PySpark provides several core components that work together to process large datasets efficiently. Understanding these components helps you understand how Spark applications are structured and how data flows through a PySpark program.



Core PySpark Components

PySpark is built around several important components that allow users to read data, transform it, and perform large-scale computations.

Some of the most important components include:

  • SparkSession
  • DataFrames
  • RDDs
  • Spark SQL

Each of these plays a different role in how PySpark processes data and performs computations.



SparkSession

The SparkSession is the entry point for working with PySpark. It allows you to create DataFrames, read data from files, and execute Spark SQL queries.

Before performing most operations in PySpark, a SparkSession must be created. Once created, it manages the connection between your Python program and the Spark engine.



Example: Creating a SparkSession

This example shows how a SparkSession is created. Most PySpark programs begin by initializing a SparkSession so that Spark operations can be performed.

from pyspark.sql import SparkSession

spark = SparkSession.builder \
    .appName("PySpark Example") \
    .getOrCreate()

Once the SparkSession is created, you can begin loading and processing data.



DataFrames

A DataFrame is the most commonly used data structure in PySpark. It represents data organized into rows and columns, similar to a table in a database or a dataframe in pandas.

DataFrames support many built-in operations such as filtering rows, selecting columns, grouping data, and performing aggregations.

Because DataFrames are optimized by Spark’s execution engine, they are usually the preferred way to work with data in PySpark.



Example: Creating a DataFrame

This example shows how a DataFrame can be created by reading a dataset.

df = spark.read.csv("data.csv", header=True, inferSchema=True)

df.show()

Once the DataFrame is created, Spark can apply transformations and actions to process the data.



RDDs

RDDs (Resilient Distributed Datasets) are the original data structure used in Spark. An RDD is a distributed collection of data that can be processed in parallel across a cluster.

RDDs provide more control over how data is distributed and processed, but they are lower-level than DataFrames and require more manual work.

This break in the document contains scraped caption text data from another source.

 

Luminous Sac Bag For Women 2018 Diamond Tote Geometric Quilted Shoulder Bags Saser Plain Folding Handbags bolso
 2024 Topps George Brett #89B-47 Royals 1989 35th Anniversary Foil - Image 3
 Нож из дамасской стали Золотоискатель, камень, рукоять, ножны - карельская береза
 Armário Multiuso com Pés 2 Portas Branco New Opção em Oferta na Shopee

Because DataFrames provide better performance optimizations and easier syntax, they are typically preferred over RDDs for most tasks.



Example: Creating an RDD

This example shows how an RDD can be created from a simple Python collection.

data = [1, 2, 3, 4, 5]

rdd = spark.sparkContext.parallelize(data)

print(rdd.collect())

RDDs are still useful in some advanced situations but are used less frequently in modern PySpark workflows.



Spark SQL

Spark SQL allows you to run SQL queries on DataFrames. This makes it possible to analyze large datasets using familiar SQL syntax.

Spark SQL integrates directly with DataFrames, allowing you to create temporary views and run queries against them.

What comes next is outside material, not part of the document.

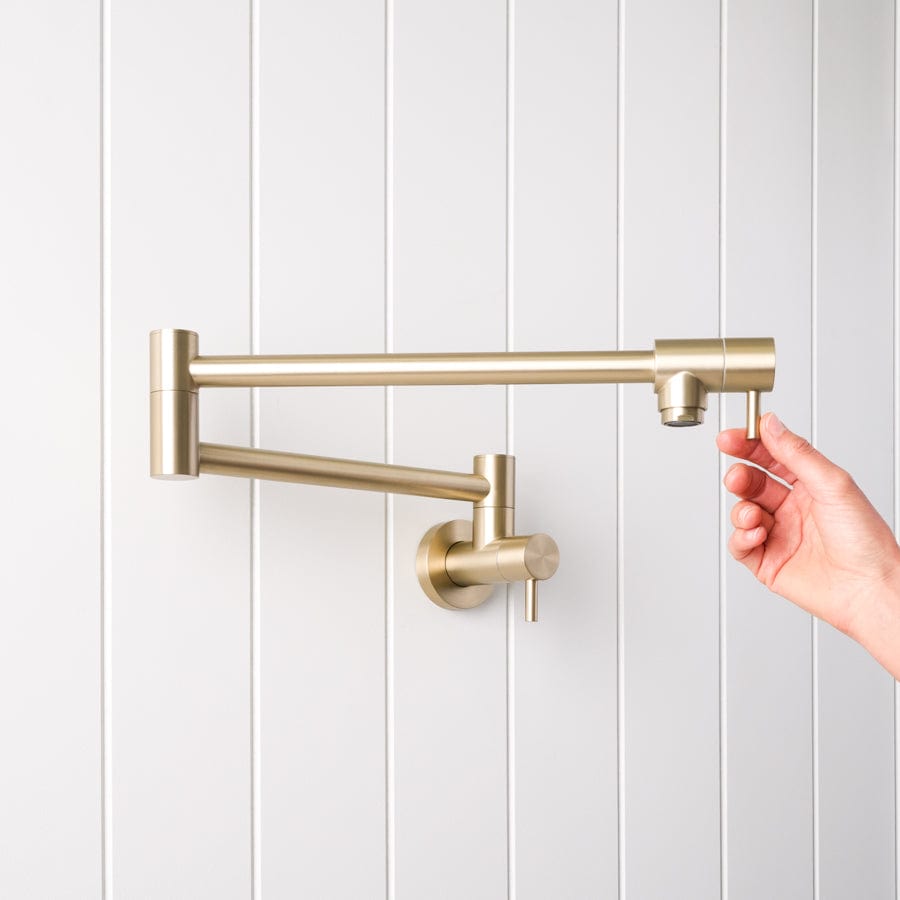Brushed Nickel Pot Filler Faucet - Warm Water Kitchen Faucet for Stove & Cooking - Perfect for Soup Pots, Pasta, and Large Cooking Vessels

This feature is especially helpful for users who are already comfortable working with SQL.



Example: Using Spark SQL

This example shows how a DataFrame can be registered as a temporary view and queried using SQL.

df.createOrReplaceTempView("people")

result = spark.sql("SELECT * FROM people WHERE age > 25")

result.show()

Spark will execute the SQL query using its distributed execution engine.